TO DO: Give the entries again exactly as they appear, but without the images.

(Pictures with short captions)
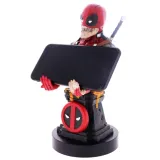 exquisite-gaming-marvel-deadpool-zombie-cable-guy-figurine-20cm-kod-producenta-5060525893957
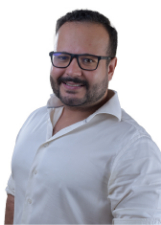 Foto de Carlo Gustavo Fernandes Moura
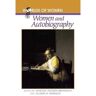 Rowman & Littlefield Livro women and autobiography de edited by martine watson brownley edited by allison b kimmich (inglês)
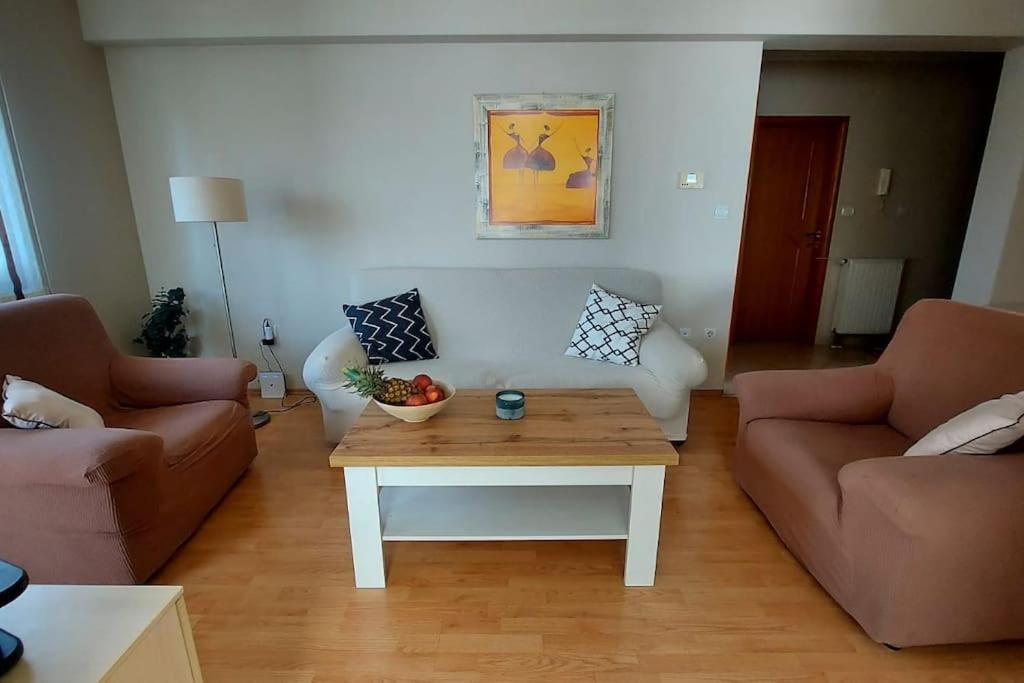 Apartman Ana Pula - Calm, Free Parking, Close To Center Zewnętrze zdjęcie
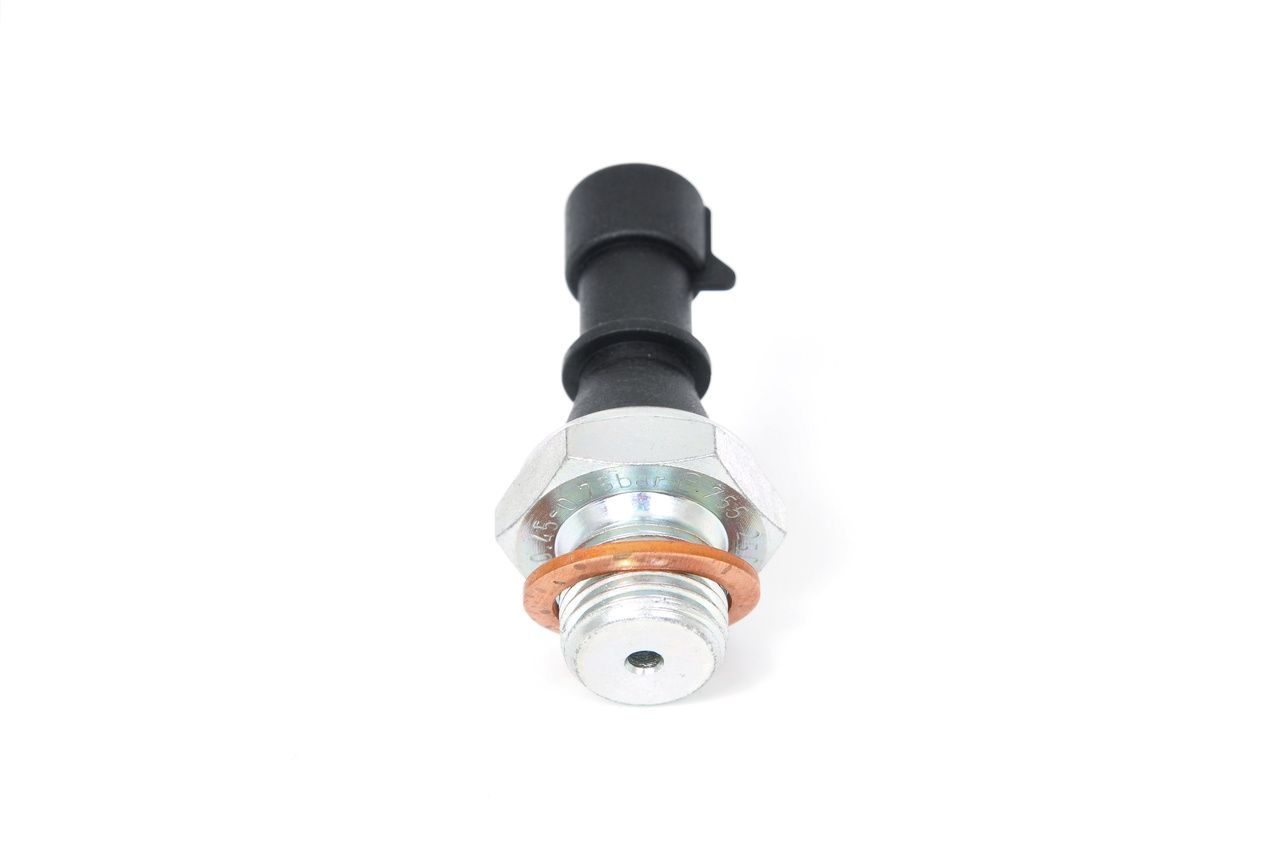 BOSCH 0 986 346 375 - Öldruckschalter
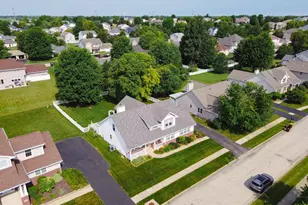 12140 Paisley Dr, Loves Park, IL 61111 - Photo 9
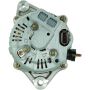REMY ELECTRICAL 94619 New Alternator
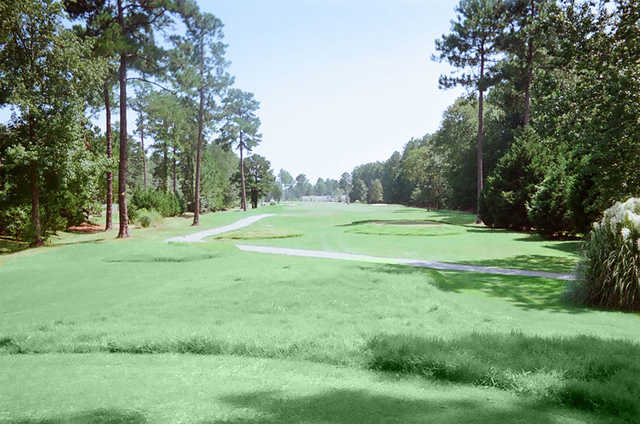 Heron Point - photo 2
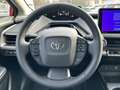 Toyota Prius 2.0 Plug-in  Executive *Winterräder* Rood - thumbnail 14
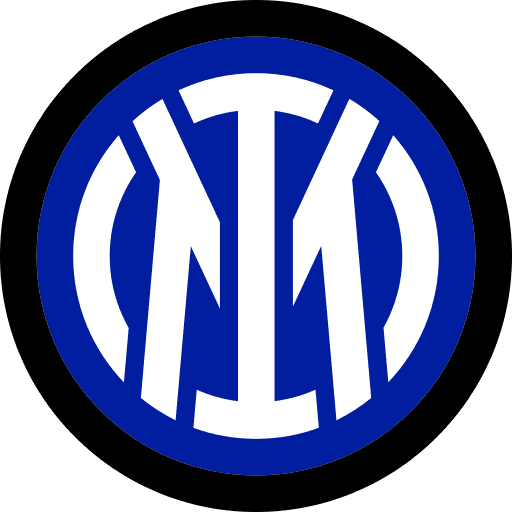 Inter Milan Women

RESULT BELOW:
 exquisite-gaming-marvel-deadpool-zombie-cable-guy-figurine-20cm-kod-producenta-5060525893957
 Foto de Carlo Gustavo Fernandes Moura
 Rowman & Littlefield Livro women and autobiography de edited by martine watson brownley edited by allison b kimmich (inglês)
 Apartman Ana Pula - Calm, Free Parking, Close To Center Zewnętrze zdjęcie
 BOSCH 0 986 346 375 - Öldruckschalter
 12140 Paisley Dr, Loves Park, IL 61111 - Photo 9
REMY ELECTRICAL 94619 New Alternator
 Heron Point - photo 2
 Toyota Prius 2.0 Plug-in  Executive *Winterräder* Rood - thumbnail 14
 Inter Milan Women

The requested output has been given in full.